IN OUR next reading-groups page, on 1 March, we will print extra information about our next book. This is The Huntingfield Paintress by Pamela Holmes. It is published by Urbane Publications at £8.99 ; 978-1-910692-66-0.
THE BOOK
Mildred Holland is a woman of opinions, a fact that sometimes frustrates and confuses her rector husband. After eight years travelling the Continent, her husband is happy to settle down, but Mildred finds herself listless and unhappy, stifled in the small Suffolk village that is her husband’s parish. With no children to take up her time, Mildred finds herself drifting, until one day she is inspired to take on an enormous project. She will paint the ceiling of their whitewashed parish church.

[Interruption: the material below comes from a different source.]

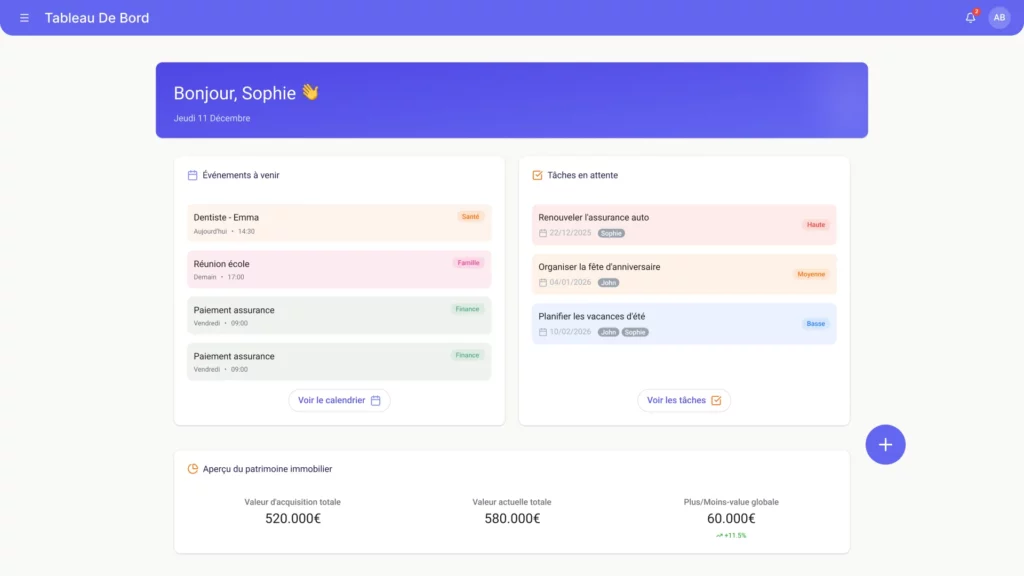 Une interface de tableau de bord en français pour la gestion des tâches et du patrimoine familial, accueillant Sophie avec les événements à venir, les tâches, et un aperçu de l'immobilier en euros, le tout dans une mise en page propre et colorée de l'application organisation famille.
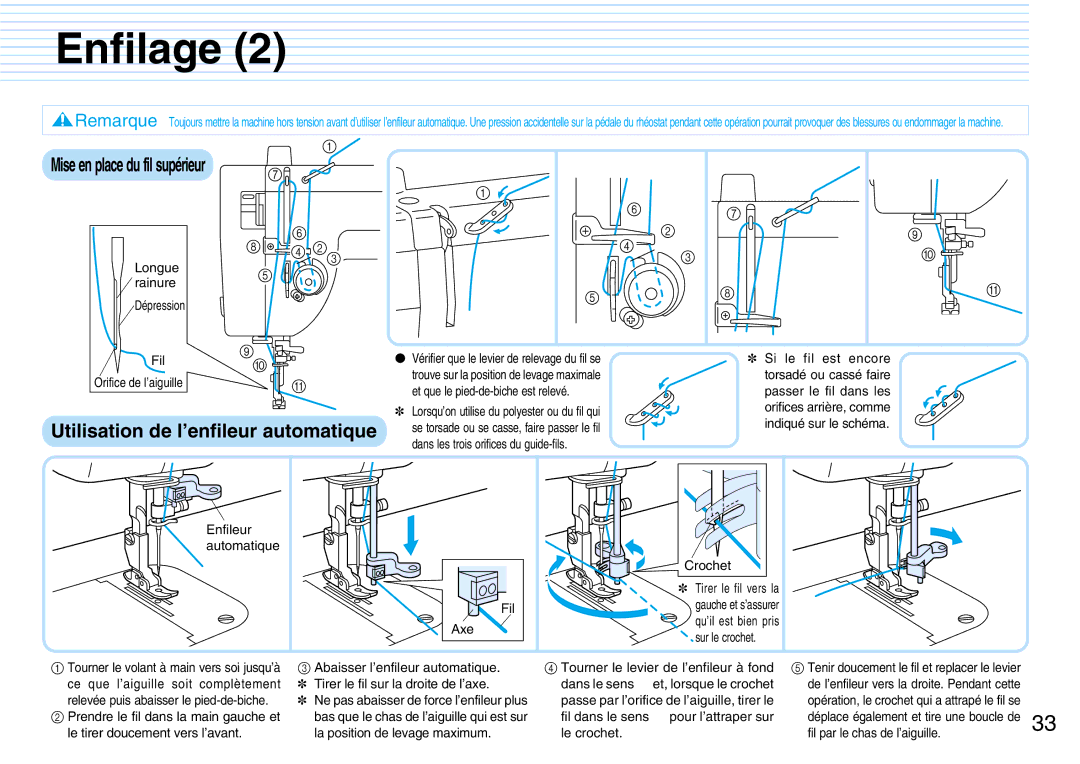 Brother PQ1500S operation manual Utilisation de l’enfileur automatique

Inspired by the real-life St Mary’s, Huntingfield, The Huntingfield Paintress is an extraordinary fictional story of the woman who painted its ceiling.
THE AUTHOR
Born in South Carolina, Pamela Holmes has lived in England from the age of eight. As an adult, she has lived on a communal farm in Somerset, studied for a degree in nursing, worked as a health journalist and an on-screen reporter, and brought up two children. She currently works for a dementia charity, and is the lead singer in a rock group, the Scratch Band. The Huntingfield Paintress (2016) was Holmes’s first novel; her second, Wyld Dreamers, was published in late 2018. Holmes lives in London with her husband, Kipper Williams, a cartoonist.